Home Columnist Nigeria’s Civil War Revival and the Legacy of “Pa” Sydney Elton by Prof. Gary Maxey

Nigeria’s Civil War Revival and the Legacy of “Pa” Sydney Elton by Prof. Gary Maxey

by Church Times

2021 marks the 50th anniversary of the “beginning of the end” of the greatest Christian revival in Nigeria’s history. For Nigeria, it was a revival surpassing any previous one, and one that has not been repeated since. Thankfully there are still people living today who were a part of that great movement, though their numbers are beginning to rapidly dwindle. Being only now in the fortieth year of my sojourn in this country I had no personal involvement, though I arrived in the early 1980s when the spiritual and social wake of the revival was still clearly in evidence.

Elton

Pa Elton

It is important that genuine revivals be remembered. The inevitable multitude of local stories they produce must be recounted again and again—and hopefully with careful accuracy. Revivals are by their nature cyclical, and among people who have been visited by biblical revival, the possibility of a revisitation of the Holy Spirit is always a hopeful prospect. “O God, will you not revive us again?” is the prayer of the psalmist (Ps. 85:6).

 

Several capable researchers and writers have given us faithful and fairly accurate accounts of what happened between the early to mid-1960s and the mid-1970s that constituted a large revival movement first in western and then eastern and later northern Nigeria. However, in recent times we are also seeing a growing number of popular descriptions of the Civil War Revival that are inaccurate and misleading. I hope I can say a few things that will help us to speak more accurately about this great movement of God in our country.

 

Nigeria’s Civil War Revival was the first notable evangelical revival in this nation. Other dynamic revivals following the pattern of 19th– and 20th-century global revivals had visited African nations for well over 100 years. The first major African revivals of that description were in South Africa in the 1860s, among the Dutch Reformed and the Methodists. The most dynamic of all African revivals (some say the most dynamic globally) was the East Africa Revival, which erupted in the late 1920s and continued in repeated cycles in Rwanda, Uganda, Burundi, Kenya, and beyond for more than 50 years!

WATS

Prof Gary Maxey

 

Earlier revivals in Nigeria—the Garrick Braide revival in the Niger delta (1914-1918), the Joseph Babalola revival in western Nigeria (the 1930s), and the Latter Rain Revival (mid-1950s) were not classical evangelical revivals but were rather focused largely and dynamically on divine healing. All three of them were geographically circumscribed. By contrast, the Civil War Revival was the first Nigerian revival to spread to geographic zones in the west, the east, and the north. It was not a healing revival, but rather revolved around the classical revival themes of repentance, new birth, restitution, and evangelism, as well as a focus on the immanence of Christ’s Second Coming.

 

Some have labeled this the Charismatic Revival, but therein lies a subtle inaccuracy. The revival had its origins within the orbit of the Scripture Union as well as under the influence of British professors sent to nascent university campuses with the declared purpose of winning students to Christ. On those campuses, in the early years, the Pentecostal influence was very slim.

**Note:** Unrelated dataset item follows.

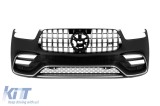 Bara frontala A Design potrivita pentru Mercedes GLE W167, GLE Coupe C167 2018-2023, dupa 2024 cu garnituri cromate Performance AutoTuning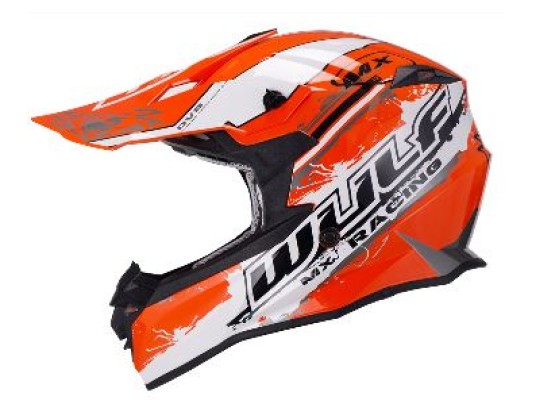 Adult Off Road Pro Moto-X Helmet WULF Orange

The primary reason was that at Independence in 1960 Pentecostalism constituted only a tiny slice of Nigerian Christianity (by some estimates, only 200,000 in total), and was hard to be found on the university campuses in those earliest years. What that leads me to note is that the Civil War Revival was a purely evangelical revival in its origins, but a movement which after approximately five years was significantly “Pentecostalized.”

 

Ayodeji Abodunde gives much credit for this “Pentecostalization” to “Pa” Sydney Elton, whose legacy I will summarize below. Elton was a British missionary sent to Nigeria by the Apostolic Church of the UK, in 1937. He was based in Ilesa, western Nigeria, and lived there for fifty years, passing away in 1987.

 

During the earliest years of the Civil War Revival Elton was a regular and cherished speaker on Nigerian university campuses, though it would be a misunderstanding to picture him as a primary force behind the early revival movement. He was one of many reaching out on university campuses. In those early days, Elton’s message was deliberately non-confrontational with respect to his Pentecostal convictions about the Baptism with the Holy Spirit and speaking in tongues. Here is what Abodunde says:

 

Elton was only one of a number of expatriates who were regular speakers at students’ meetings. [Others included] Tony Wilmot, a British Christian businessman who pioneered evangelical work among students in Africa in the mid-1950s; John Dean . . . Jane Sutton . . . Alan Rees. . . . Elton’s teachings on the campuses during this period focused on the popular themes of Christian growth and deeper spirituality, and to a lesser degree, on the Pentecostal themes.

 

A turning of the tide came, however, in 1967 when Elton was invited as the main speaker at a conference called in Ilesa for the formation of the Nigeria Fellowship of Evangelical Students (NIFES). There, to the embarrassment of those who had invited him, as well as the discomfort of many of his hearers, he focused squarely and insistently on the Pentecostal experience of the baptism of the Holy Spirit, evidenced by speaking in tongues.

 

For Elton and many others, this was a major turning point. From that point forward Elton’s message was strong and forceful, promoting the absolute necessity of the baptism of the Holy Spirit and tongues, and insisting that there be no compromise with those who disagreed. With that, a movement which had started as a purely evangelical revival was gradually transformed into a Pentecostal campaign.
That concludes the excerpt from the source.